Mostern argues that while climate shifts and weather pattern changes played a role in the changes observed in the Yellow River watershed, human activity played a far greater role, especially after roughly the year AD 600 CE. Differences in priorities between imperial governments and local officials, plus the focus on relatively free-market development and agriculture, led to Han Chinese culture expanding into regions not suited for intensive farming. By 1855, the Yellow River had become unusuable and impossible to manage (given the finances and technologies of the time), and what had once been a fertile and prosperous region turned into a salty, gravel and sand-choked series of barrens and wetlands. The Loess Plateau in the bend of the Yellow River transformed with ever-increasing speed from grasslands and mixed forests to a rugged, eroded near-desert that sent millions of tons of sediment to cover the floodplain downstream.

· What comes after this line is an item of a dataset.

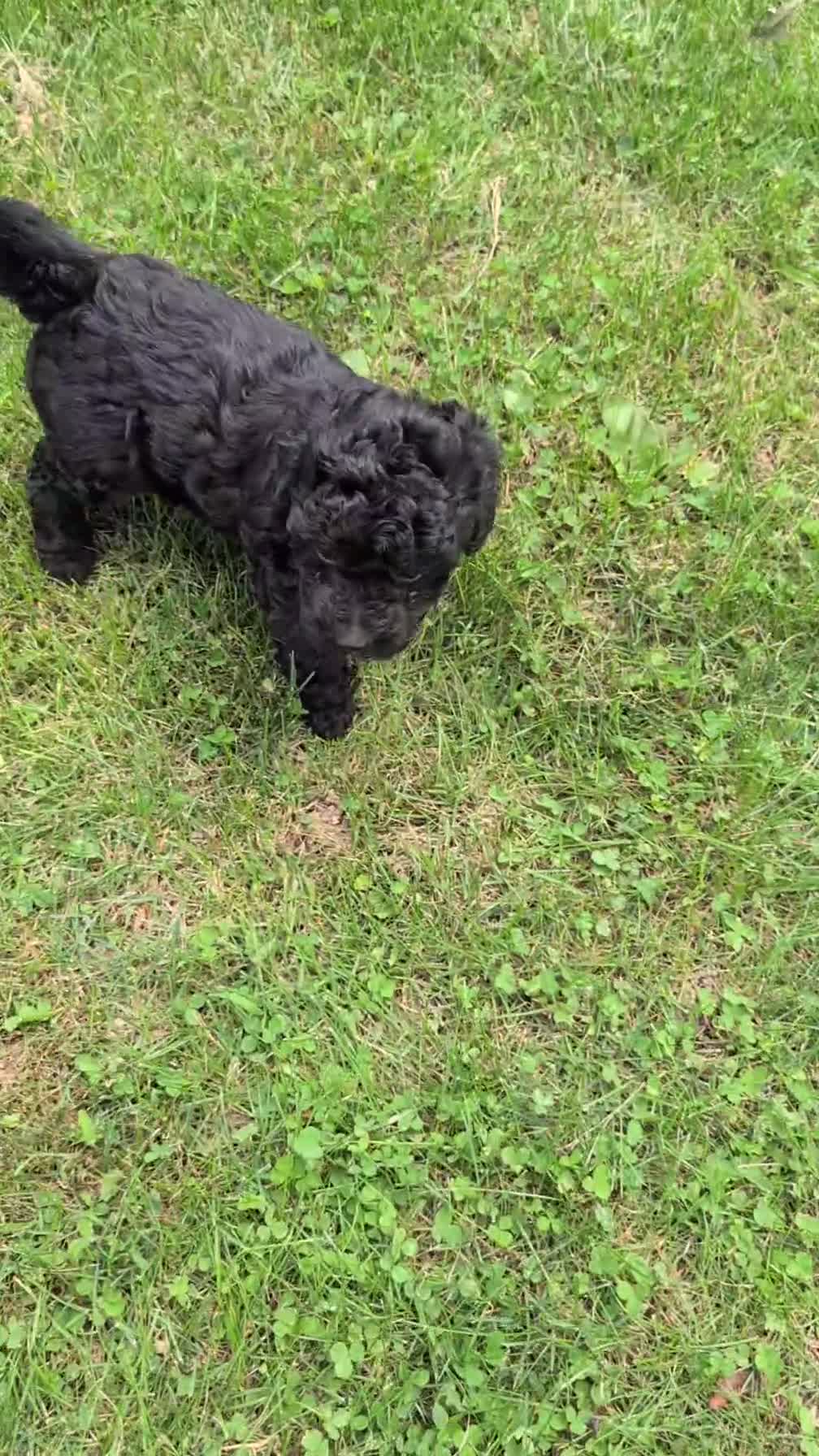 Havapoo dogs for sale: Mason - Video 1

Warfare caused much of the damage to the ecosystem of the upper Yellow River, but stable imperial regimes could be just as bad for the environment. The region is one of conflicts – hot and cold air masses, desert winds and tropical moisture, herders and farmers, imperial centralization and tribal societies. Competing armies stripped the land of forests and grass, and the soldier-farmers of Imperial China denuded the land to build walls and grow food for their own survival. When the nomads chased the Han back to the river and farther south, they too removed forest cover, although long stable periods did allow for regrowth of grass and trees. Sometimes. The development of iron-bladed plows and intensive farming technologies caused further, faster, erosion. Demand for fuel and building wood in peace time as well as war devoured more and more forests, causing more erosion and more flooding downstream.
Some observers saw what was happening and argued that the erosion and loss of ground cover needed to stop at the source. When the capital city remained in the upper Yellow River, the government seemed—sometimes—more interested in considering those ideas. But once the government moved downstream, the focus shifted to coping with the results of the problem, not the sources. Huge floods in 1048 and other years devoured tens of thousands of farmland, displaced millions, and drained the imperial treasury. Only the Grand Canal made it possible to feed and supply Peking/Beijing as the land around it turned sandy and salty from inundation and sediment dumping. In 1885, efforts to keep the Grand Canal open failed, and sea transport became the only to move food to the city. Southern China refused to pay for the problems of the Yellow River.
The book is very well written with excellent illustrations, tables, and a long appendix of methodologies. It helps to have a background in overall Chinese history, but that is not needed. A bit of hydrology helps even more, otherwise the learning curve might be a touch steep in the introduction and first chapter. I found the book an easy read, but one with lots and lots to ponder and mull over. The author is even handed in her approach – people can’t know what they can’t know, and the imperial hydrocrats’ priorities made sense to them. They lacked the tools and the resources to see the entire watershed as a whole. Those who did pull back to see the larger picture lacked the will to sacrifice the imperial capital to floods in order to pour resources into the upstream lands.
The author’s use of some terms struck me as odd, enough so that it pushed me out of the story a few times. I disagree with using the term “Anthropocene,” although in this case there is some logic to it, given the importance of human influences on the life of the river. Other usages were literally correct, but jarring, almost as if the author were not a native speaker. I do not know, and it does not affect the overall readability and quality of the book.
I recommend the book to historians of water, historians of China, people interested in the interactions of government and the physical environment, and conservationists. The idea that “the problems caused by central control can be fixed by central control” rings all too true in the West today. I am reminded of an interview I did with a farmer about flooding on a small river. He shrugged and said, “Rivers flood. That’s what rivers do.” People can try to work around, with, or against floods and droughts, but only by looking at the watershed as a while, rather than reach by reach. This is an excellent addition to the literature in several disciplines.
FTC Disclaimer: I purchased this book for my own use and received no compensation or remuneration for this review.